I have a table of meetings, each of which has a start and end time expressed as an integer Unix timestamp, as well as a group of people who are attending this meeting. I need to send out notifications to each group of people once all their meetings for the day have completed. To do this I need to find the last meeting for every combination of (day, group). I've adapted this answer for my situation, and it works:
SELECT MAX(`starts_at`), `id`, `group_id`, DATE(FROM_UNIXTIME(`starts_at`)) `day`
FROM `meeting`
GROUP BY `day`, `group_id`;
However, despite trying out different combinations of indexes, I can't seem to find one that would make this query not perform a full-table scan. The EXPLAIN
result is always as follows:
+------+-------------+---------+------+---------------+------+---------+------+------+---------------------------------+
| id | select_type | table | type | possible_keys | key | key_len | ref | rows | Extra |
+------+-------------+---------+------+---------------+------+---------+------+------+---------------------------------+
| 1 | SIMPLE | meeting | ALL | NULL | NULL | NULL | NULL | 16 | Using temporary; Using filesort |
+------+-------------+---------+------+---------------+------+---------+------+------+---------------------------------+
My table is defined this way:
CREATE TABLE `meeting` (
`id` int(11) NOT NULL AUTO_INCREMENT,
`group_id` int(11) NOT NULL,
`starts_at` int(11) NOT NULL,
`ends_at` int(11) NOT NULL,
... other fields ...,
PRIMARY KEY (`id`),
CONSTRAINT `meeting_ibfk_1` FOREIGN KEY (`group_id`) REFERENCES `group` (`id`),
)
What combination of indexes, and what query, would I need here? One of the solutions I see is to create an indexed column that stores the event's day, perhaps as some sort of ordinal, and while this is an option I'd prefer to avoid it if possible in order to not have redundant values in a single row.

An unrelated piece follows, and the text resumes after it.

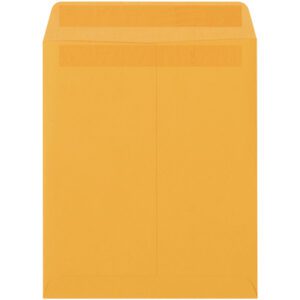 A large Kraft Redi-Seal envelope, 9 1/2 x 12 1/2, with a top flap, is sealed and looks empty. The plain brown color stands out against a white background, resembling those in a pack of 500 per case.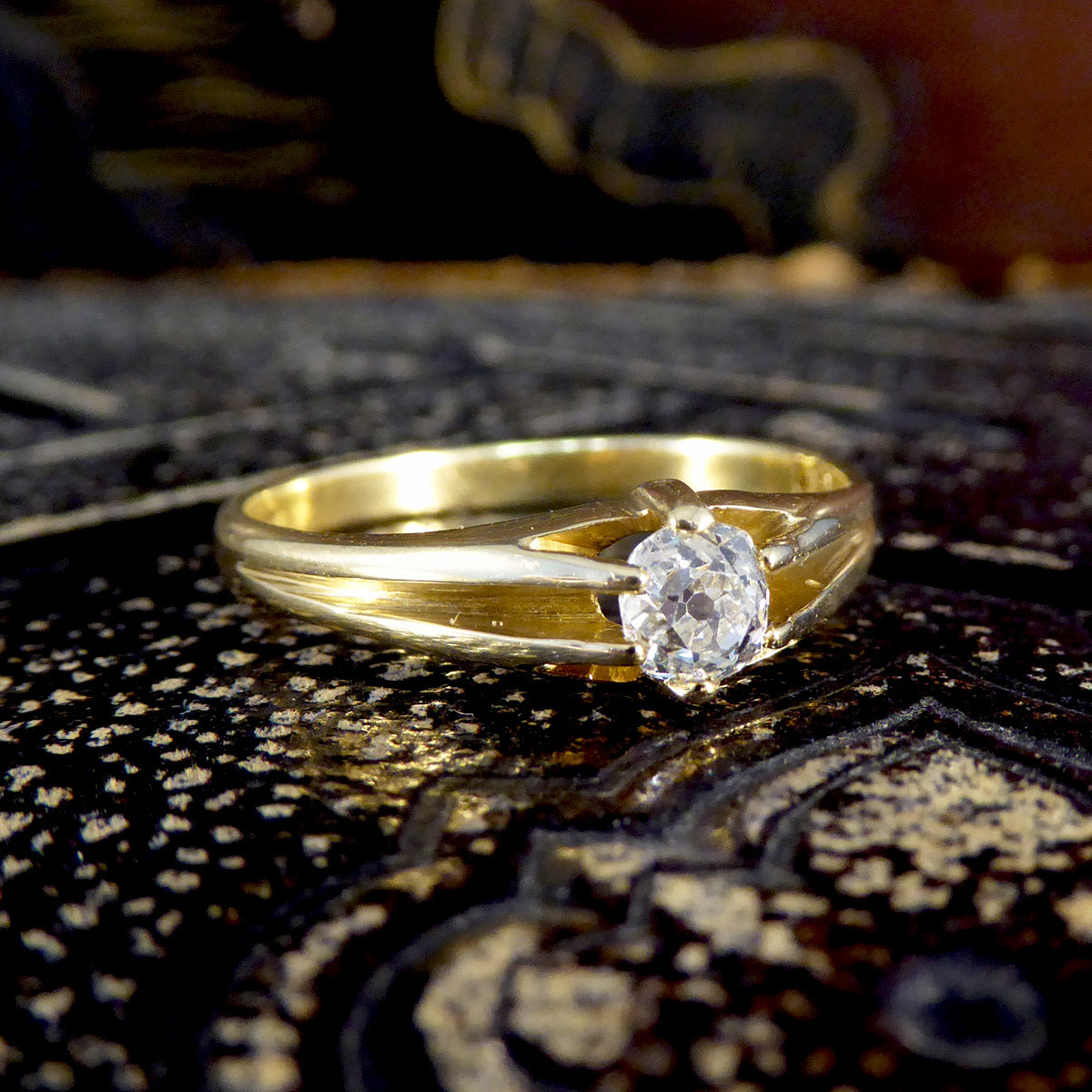 Late Victorian Old Cushion Cut Diamond Belcher set Ring in 18ct Yellow Gold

If you are running MySQL 8.0.13 or higher, you could try an index on expressions:
create index idx_meeting on meeting(
group_id,
(date(from_unixtime(starts_at))),
starts_at desc
);
This puts first the columns / expressions that appear in the group by
clause, then the column that is aggregated; since we will be looking for the max()
, we want to sort that column in descending order in the index.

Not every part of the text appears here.